Among the most efficient of the minor measures taken to replace the old order of things by the new was the creation of a new honorary order, to supersede those of the ancient régime,—the cross of Saint-Louis, for military services; the cordon of Saint-Michel (cordon noir), for civil services; and the order of the Saint-Esprit (cordon bleu), which included only a hundred chevaliers, of the most ancient nobility. A law of May 19, 1802, created a Légion d'honneur , to be composed of a grand administrative council and of fifteen cohorts, each consisting of seven great officers, twenty commandants, thirty officers, and three hundred and fifty legionaries. By the eighth article of this law, every individual admitted into this Legion was to swear on his honor to devote himself to the service of the Republic, to the preservation of its territory in all its integrity, to the defence of its government, of its laws, of all property which it had bestowed, to combat, with the aid of all the means which justice, reason, and the laws authorized, every enterprise tending to re-establish the feudal régime, to revive the titles and qualities which had been its attributes,—in short, to aid with all his power in the maintenance of liberty and equality. By the denial of any hereditary privileges it was thought thus to create an order which would not offend the new spirit of equality while offering a suitable reward to the soldier, the diplomat, the scientist, the professional or the commercial man who had rendered notable service to his country.

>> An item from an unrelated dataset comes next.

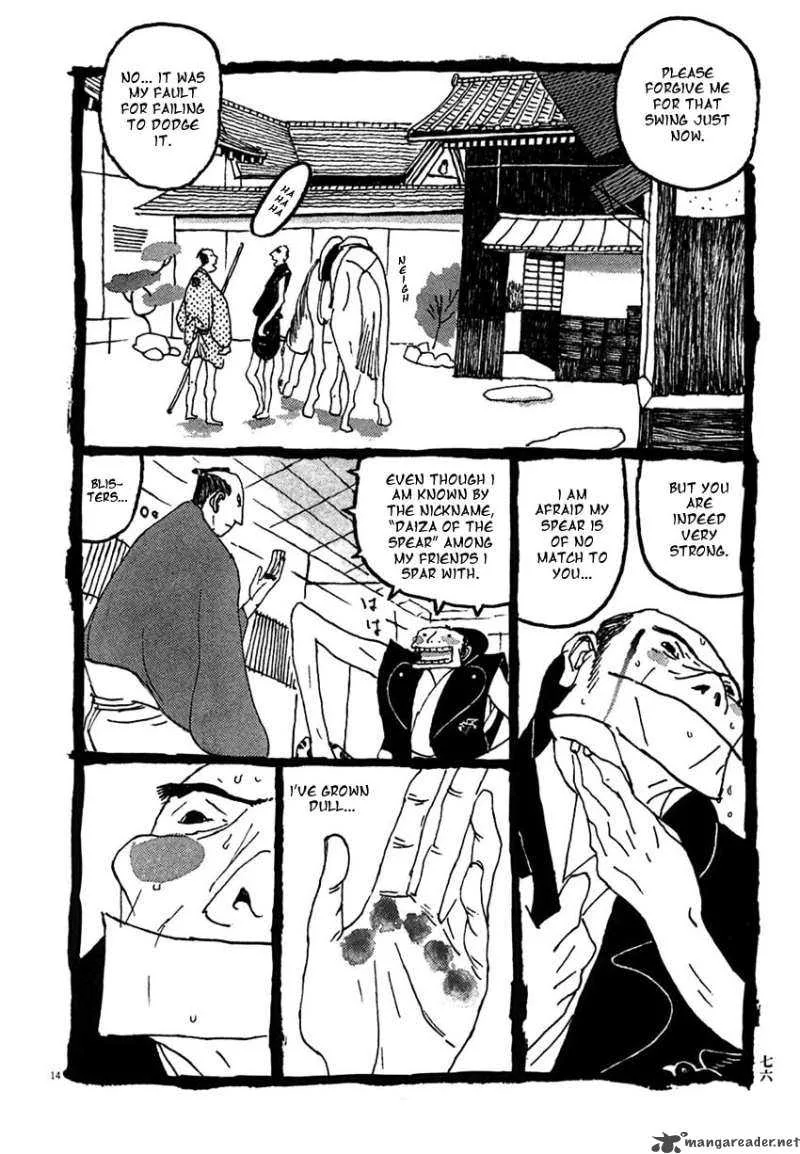 Takemitsu Zamurai Chapter 24 page 14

"The Empire succeeding the Republic," says M. Steenackers in his Histoire des ordres de chevalerie , "brought about certain changes in the Legion of Honor. In the first place, the form of the oath had to be modified, and was refused by certain men, such as the admiral Truguet and the poet Lemercier. The first distribution made by the Emperor, on the 14th of July, 1804, in the church of the Invalides, to the principal personages of the Empire, was again made the occasion of a manifestation of opposition by Augereau, although a grand officer of the order, and of about sixty military officers who remained in the court, not wishing to enter the chapel. In this distribution, the old invalided soldiers came first, then the members of the Institute, and finally the military legionaries. The youth of Paris also made its small protestation, some days after this distribution. It was the season for carnations,—the young men put these flowers in their buttonholes and thus were enabled to receive, at a distance, military honors from functionaries a trifle near-sighted. Napoleon, informed of the jests which ensued, and of the discontent of the soldiers, ordered the minister of the police to take the most severe measures with regard to these insolents. Fouché replied: 'Certainly these young people deserve to be chastised, but I will wait for the autumn, which is coming.' This clever reply disarmed the master, and presently the protesting carnations were seen no more, but the sarcasms and the pretended witticisms were not so easily checked. Thus, in the spring of 1803, General Moreau, giving a dinner, summoned his cook and said to him, in the presence of his guests, 'Michel, I am pleased with your dinner; you have truly distinguished yourself with it, I wish to give you a stewpan of honor....' Lafayette refused the decoration, characterizing it as ridiculous. Ducis and Delille would not accept it."